Подхватив сундучок, я быстро пошел к дому. Елена, зная мой характер, проводила меня понимающим взглядом, благоразумно не вмешиваясь в мои дела.

Я взбежал по ступенькам на второй этаж, неся перед собой заветный сундучок. Поставил его на стол, запер дверь и уселся в кресло. Волнение было велико — даже во рту пересохло. Очень хотелось не медля прочесть свой вердикт, но… я боялся. Страшно узнать свою судьбу, а еще страшнее — судьбу своих близких.

Наконец, я решился: отбросил крышку сундучка и взял в руки старинную, с пожелтевшими страницами, книгу. Руки тряслись, я не мог набраться решимости открыть ее и прочитать о себе. Потом взял себя в руки: чему быть — того не миновать!

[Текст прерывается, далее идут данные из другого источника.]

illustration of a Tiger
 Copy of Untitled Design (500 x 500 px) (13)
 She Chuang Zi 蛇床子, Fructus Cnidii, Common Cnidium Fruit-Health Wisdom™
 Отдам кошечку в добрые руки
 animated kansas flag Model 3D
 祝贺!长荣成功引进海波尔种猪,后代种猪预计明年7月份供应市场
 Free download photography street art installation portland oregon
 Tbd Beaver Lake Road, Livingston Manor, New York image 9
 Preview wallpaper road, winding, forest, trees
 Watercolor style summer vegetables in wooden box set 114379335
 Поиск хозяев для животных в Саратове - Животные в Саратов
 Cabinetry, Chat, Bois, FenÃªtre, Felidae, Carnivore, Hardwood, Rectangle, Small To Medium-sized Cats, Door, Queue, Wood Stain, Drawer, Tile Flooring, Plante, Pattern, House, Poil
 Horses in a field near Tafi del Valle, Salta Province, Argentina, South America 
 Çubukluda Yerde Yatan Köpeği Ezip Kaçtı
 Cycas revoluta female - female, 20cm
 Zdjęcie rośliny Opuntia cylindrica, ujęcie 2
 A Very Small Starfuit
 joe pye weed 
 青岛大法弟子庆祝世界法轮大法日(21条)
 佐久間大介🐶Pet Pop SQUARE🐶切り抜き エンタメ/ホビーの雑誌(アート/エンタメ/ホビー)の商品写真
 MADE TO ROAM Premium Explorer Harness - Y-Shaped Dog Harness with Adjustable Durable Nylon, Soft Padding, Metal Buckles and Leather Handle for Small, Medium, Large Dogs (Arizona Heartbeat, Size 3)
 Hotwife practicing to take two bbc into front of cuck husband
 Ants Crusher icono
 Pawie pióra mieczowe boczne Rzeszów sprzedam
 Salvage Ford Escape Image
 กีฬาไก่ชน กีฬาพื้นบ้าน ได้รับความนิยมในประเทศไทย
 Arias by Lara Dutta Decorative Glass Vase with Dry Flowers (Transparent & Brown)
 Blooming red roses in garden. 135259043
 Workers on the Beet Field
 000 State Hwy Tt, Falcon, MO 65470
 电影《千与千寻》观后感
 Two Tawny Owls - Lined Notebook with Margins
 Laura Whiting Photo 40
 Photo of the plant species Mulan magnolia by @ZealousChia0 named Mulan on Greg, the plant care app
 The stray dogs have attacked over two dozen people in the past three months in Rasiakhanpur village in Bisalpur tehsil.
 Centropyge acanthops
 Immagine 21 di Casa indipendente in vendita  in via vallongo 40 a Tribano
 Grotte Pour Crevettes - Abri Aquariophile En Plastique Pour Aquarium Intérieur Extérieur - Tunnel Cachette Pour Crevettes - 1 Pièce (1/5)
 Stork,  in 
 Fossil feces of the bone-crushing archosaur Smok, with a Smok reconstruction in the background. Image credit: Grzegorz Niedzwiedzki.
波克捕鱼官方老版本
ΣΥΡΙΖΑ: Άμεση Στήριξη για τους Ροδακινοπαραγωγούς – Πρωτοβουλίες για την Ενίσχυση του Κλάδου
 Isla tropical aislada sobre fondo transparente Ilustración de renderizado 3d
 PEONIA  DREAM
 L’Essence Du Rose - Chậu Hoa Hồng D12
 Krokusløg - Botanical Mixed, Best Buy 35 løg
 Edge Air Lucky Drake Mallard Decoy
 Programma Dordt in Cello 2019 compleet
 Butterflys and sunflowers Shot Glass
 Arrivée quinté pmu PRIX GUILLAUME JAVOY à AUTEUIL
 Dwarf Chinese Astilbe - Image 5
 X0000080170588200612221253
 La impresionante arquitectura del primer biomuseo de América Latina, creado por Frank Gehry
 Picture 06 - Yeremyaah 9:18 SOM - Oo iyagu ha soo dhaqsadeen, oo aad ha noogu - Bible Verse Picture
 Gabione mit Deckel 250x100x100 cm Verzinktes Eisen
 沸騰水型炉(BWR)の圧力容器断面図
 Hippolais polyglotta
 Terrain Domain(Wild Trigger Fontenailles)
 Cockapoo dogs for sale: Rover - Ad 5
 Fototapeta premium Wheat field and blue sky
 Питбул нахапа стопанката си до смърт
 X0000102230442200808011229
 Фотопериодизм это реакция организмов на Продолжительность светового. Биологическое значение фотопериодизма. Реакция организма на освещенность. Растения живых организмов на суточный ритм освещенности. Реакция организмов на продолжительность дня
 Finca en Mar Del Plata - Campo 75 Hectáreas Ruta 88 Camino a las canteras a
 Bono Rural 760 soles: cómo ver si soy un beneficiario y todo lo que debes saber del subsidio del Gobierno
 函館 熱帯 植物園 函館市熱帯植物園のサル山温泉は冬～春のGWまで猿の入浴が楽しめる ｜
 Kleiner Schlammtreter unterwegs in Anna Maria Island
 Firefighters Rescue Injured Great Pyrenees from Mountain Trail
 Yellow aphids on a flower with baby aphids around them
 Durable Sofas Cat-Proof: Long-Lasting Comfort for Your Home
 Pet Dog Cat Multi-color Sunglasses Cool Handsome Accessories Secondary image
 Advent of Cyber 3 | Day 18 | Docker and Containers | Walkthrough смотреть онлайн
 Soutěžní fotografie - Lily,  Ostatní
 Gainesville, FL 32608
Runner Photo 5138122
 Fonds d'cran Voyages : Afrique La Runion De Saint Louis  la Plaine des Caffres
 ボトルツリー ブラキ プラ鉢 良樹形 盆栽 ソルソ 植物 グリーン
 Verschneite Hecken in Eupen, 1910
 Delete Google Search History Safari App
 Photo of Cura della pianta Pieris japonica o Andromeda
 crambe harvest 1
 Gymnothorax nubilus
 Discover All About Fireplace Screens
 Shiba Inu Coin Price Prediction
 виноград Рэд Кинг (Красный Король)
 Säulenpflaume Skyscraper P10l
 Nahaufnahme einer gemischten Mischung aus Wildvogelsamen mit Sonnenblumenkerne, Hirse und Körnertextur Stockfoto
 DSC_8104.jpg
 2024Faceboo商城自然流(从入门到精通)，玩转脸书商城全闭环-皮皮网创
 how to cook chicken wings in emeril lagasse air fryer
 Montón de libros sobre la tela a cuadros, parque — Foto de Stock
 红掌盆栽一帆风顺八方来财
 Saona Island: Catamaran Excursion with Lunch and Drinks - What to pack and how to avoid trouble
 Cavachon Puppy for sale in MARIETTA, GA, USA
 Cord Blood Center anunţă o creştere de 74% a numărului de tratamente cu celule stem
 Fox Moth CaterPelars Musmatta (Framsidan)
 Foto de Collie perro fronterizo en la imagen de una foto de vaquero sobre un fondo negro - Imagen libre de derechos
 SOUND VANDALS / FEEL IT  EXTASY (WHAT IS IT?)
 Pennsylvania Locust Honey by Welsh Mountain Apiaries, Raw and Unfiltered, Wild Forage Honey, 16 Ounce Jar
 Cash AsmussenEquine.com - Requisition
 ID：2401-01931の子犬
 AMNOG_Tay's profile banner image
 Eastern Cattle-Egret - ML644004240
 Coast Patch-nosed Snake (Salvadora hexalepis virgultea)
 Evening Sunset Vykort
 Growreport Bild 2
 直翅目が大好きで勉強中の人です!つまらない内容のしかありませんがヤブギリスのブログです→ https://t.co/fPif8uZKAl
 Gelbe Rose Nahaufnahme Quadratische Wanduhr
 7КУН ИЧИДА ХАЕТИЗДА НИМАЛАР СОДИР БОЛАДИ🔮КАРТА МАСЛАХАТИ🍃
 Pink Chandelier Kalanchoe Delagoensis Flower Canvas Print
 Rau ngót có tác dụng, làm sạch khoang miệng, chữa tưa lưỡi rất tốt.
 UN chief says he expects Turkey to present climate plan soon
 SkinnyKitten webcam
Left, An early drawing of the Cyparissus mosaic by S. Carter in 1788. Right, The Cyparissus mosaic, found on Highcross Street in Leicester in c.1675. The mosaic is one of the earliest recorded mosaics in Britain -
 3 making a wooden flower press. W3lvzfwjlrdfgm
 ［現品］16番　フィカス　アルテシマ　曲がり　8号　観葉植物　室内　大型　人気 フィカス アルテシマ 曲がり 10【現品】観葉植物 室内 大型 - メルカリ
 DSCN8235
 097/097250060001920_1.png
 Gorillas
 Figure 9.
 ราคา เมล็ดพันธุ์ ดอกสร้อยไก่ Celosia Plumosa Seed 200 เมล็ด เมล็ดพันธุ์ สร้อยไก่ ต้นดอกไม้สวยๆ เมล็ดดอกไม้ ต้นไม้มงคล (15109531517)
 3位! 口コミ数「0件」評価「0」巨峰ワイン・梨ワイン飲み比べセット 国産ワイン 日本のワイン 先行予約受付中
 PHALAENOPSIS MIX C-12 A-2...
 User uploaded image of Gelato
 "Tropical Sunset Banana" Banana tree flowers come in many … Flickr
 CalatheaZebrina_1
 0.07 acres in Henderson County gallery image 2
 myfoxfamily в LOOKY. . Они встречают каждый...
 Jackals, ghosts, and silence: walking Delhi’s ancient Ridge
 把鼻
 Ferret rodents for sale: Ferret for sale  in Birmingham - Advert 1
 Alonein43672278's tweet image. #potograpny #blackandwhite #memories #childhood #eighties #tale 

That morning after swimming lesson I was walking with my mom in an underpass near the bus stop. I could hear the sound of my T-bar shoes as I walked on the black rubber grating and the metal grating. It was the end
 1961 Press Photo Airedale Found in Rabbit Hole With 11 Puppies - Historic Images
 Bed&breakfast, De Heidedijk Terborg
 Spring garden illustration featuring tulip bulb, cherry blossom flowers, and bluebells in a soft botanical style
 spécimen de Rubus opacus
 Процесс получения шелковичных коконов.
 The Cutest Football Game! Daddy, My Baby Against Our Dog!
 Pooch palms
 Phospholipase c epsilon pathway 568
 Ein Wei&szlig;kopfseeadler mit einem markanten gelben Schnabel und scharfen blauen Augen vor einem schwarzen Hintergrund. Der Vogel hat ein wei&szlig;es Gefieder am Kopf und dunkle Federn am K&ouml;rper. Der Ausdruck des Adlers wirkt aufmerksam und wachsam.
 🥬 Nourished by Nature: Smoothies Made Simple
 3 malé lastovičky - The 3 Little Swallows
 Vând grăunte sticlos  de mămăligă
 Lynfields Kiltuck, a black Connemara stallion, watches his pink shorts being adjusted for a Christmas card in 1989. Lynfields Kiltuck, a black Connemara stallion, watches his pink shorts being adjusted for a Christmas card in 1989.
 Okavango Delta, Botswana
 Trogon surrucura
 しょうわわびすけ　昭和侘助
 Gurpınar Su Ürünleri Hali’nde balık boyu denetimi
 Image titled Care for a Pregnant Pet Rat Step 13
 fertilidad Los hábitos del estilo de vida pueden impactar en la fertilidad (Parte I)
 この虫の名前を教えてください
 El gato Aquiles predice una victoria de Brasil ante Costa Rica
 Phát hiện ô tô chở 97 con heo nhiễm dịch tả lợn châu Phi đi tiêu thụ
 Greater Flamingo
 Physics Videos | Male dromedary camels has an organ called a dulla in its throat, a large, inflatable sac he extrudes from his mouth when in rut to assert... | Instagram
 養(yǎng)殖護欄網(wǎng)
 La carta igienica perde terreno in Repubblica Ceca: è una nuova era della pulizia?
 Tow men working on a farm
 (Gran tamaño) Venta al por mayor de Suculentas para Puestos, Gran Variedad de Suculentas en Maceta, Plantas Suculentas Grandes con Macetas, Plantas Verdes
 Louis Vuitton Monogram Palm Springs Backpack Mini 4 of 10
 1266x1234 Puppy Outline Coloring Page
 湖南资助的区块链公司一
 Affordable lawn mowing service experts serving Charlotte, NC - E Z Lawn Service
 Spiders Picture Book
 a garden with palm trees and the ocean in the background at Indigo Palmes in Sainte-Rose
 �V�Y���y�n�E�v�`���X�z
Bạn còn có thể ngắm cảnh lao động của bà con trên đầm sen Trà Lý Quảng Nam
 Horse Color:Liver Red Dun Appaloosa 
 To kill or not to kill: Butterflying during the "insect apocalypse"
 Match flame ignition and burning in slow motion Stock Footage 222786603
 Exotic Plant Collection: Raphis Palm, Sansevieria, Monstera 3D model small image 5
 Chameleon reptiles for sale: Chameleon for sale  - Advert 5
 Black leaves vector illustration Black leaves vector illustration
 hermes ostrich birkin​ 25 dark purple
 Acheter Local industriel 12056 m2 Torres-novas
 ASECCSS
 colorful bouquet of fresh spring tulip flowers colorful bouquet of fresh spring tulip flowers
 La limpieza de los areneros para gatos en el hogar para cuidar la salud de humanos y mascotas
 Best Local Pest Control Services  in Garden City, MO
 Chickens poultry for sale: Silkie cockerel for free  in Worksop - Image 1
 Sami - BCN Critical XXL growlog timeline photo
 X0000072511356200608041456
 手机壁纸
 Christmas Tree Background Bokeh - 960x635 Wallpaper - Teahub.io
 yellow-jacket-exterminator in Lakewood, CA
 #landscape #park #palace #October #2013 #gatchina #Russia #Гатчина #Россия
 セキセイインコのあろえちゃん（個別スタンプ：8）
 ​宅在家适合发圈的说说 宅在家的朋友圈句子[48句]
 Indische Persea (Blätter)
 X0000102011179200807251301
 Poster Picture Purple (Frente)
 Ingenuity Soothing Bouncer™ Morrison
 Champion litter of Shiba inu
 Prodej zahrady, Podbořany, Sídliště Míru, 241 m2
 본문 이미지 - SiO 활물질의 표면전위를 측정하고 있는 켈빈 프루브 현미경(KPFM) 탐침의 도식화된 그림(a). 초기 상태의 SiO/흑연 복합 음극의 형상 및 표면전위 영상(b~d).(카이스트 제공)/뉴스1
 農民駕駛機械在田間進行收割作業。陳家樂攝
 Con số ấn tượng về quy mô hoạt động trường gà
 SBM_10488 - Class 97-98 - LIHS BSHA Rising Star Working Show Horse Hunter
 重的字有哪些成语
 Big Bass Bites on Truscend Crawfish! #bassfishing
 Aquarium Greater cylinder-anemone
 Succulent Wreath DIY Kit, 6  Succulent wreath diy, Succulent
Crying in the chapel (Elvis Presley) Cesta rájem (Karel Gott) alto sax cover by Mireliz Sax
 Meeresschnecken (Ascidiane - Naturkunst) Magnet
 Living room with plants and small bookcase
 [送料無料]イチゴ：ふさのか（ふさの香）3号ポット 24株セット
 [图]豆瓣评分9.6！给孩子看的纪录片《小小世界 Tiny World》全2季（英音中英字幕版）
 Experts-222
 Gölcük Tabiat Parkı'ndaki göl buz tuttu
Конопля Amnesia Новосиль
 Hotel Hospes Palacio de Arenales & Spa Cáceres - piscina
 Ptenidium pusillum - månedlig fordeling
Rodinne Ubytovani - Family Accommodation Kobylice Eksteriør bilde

Я уселся в кресло, перевернул обложку книги. Руки оказались в пыли. Да, давненько никто не открывал сей фолиант. Перелистал. Вот оно!

Строчки рукописных букв прыгали перед глазами. Так, «Юрий Котлов, будучи перенесен во времени…», и далее шли уже известные мне события. «… И заимев за заслуги обманом боярское звание…» Я покраснел. Но из песни слов не выкинешь, что было, то было. Что там дальше?

«… За заслуги в битве с крымскими татарами будет жалован княжеским званием, но ненадолго. Волею случая и судьбы будет перенесен в свое время…»

И это все? Я так стремился узнать свою судьбу, а тут — коротко, даже слишком лаконично.

Я перевернул страницу. «… Жена его невенчанная именем Елена покинет сей мир в возрасте сорока лет, умерев от чумы…»

Меня обдало жаром. Я опустил книгу, не в состоянии читать дальше. Это сколько же Елене сейчас? По-моему — двадцать восемь. Или двадцать девять? Недолго осталось ей жить — чуть более десяти лет. А где я буду в это время? Черт! Не написано, когда я вернусь в свое время. Так! А избежать чумы можно? Хм, если было бы можно, наверное, в книге не было бы про смерть. Чувство жалости к Елене теснило грудь.

А с Васяткой что? Я еще перелистал страницы.